Mona Lisa: A Life Discovered

When:
May 21, 2015 @ 7:00 pm
2015-05-21T19:00:00-04:00
2015-05-21T19:30:00-04:00
Where:
Salem Athenaeum
337 Essex Street
Salem, MA 01970
USA
Cost:
$15, $10 members, Free for students with ID

Dianne Hales, author of the new book, Mona Lisa: A Life Discovered, will lecture on her discoveries at the Salem Athenaeum on May 21.

A genius immortalized her. A French king paid a fortune for her. An emperor coveted her. Every year millions of visitors trek to view her portrait in the Louvre. Yet for five centuries, all that the world knew was her smile.

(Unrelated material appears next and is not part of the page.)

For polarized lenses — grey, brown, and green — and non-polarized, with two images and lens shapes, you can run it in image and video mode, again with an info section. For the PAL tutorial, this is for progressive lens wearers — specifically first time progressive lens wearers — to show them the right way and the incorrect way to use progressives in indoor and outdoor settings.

Intrigued by new findings confirming the identity of Leonardo’s model, I set off on a personal quest for the flesh-and-blood woman in the world’s most praised and parodied painting. Who was she, this ordinary woman who rose to such extraordinary fame? Why did the most renowned painter of her time choose her as his model? What became of her? And why does her smile enchant us still?

Mona Lisa Gherardini del Giocondo, we now know with as much certainty as possible after the passage of half a millennium, was a quintessential woman of her times, caught in a whirl of political upheavals, family dramas, and public scandals. Descended from ancient nobles, she was born and baptized in Florence in 1479. Wed to a truculent businessman twice her age, she gave birth to six children and died at age sixty-three in 1542.

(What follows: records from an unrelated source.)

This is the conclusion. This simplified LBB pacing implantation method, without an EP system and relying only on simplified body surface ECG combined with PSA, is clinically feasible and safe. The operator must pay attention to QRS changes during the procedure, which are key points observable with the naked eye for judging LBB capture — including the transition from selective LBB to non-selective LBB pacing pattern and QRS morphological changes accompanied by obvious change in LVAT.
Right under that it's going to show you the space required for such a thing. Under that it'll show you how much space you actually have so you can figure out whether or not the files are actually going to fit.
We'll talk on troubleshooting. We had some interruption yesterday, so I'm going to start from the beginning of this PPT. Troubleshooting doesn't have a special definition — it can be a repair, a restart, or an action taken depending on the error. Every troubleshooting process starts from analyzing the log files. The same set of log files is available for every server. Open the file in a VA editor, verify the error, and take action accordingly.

Lisa’s life spanned the most tumultuous chapters in the history of Florence—decades of war, rebellion, invasion, siege, and conquest. Her story creates an extraordinary tapestry of daily life in a time poised between the medieval and the modern, a vibrant city bursting into fullest bloom, and a culture that redefined the possibilities of man—and of woman.   –Dianne Hales

Dianne Hales is a widely published, award-winning freelance journalist. She has served as a contributing editor for Parade, Ladies Home Journal, Working Mother and American Health and has written for many national publications, including Family Circle, Fitness, Glamour, Good Housekeeping, Health, Mademoiselle, McCall’s, New York Times, Psychology Today, Readers’ Digest, Redbook, Science Digest, Self, Seventeen, Washington Post, Woman’s Day, and World Book.

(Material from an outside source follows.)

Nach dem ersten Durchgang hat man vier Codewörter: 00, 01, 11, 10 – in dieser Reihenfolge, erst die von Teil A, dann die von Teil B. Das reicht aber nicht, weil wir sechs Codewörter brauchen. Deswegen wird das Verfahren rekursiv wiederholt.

Dianne’s trade books include La Bella Lingua, Think Thin, Be Thin, Just Like a Woman, Caring for the Mind and MONA LISA: A Life Discovered. She also is the author of the best-selling college health textbook, An Invitation to Health, and coauthor of An Invitation to Personal Change.

She has received writing awards from the American Psychiatric Association, American Psychological Association, an “EMMA” (Exceptional Media Merit Award) for health reporting from the National Women’s Political Caucus and Radcliff College, three “EDI” (Equality, Dignity, Independence) awards for print journalism from the National Easter Seal Society, the National Mature Media Award, Arthritis Foundation, California Psychiatric Society, CHADD (Children and Adults with Attention Deficit / Hyperactivity), Council for the Advancement of Scientific Education, and the New York City Public Library.

Dianne is married to Robert E. Hales, M.D., chair of psychiatry at the University of California, Davis, and has one daughter, Julia. She lives in the San Francisco Bay Area.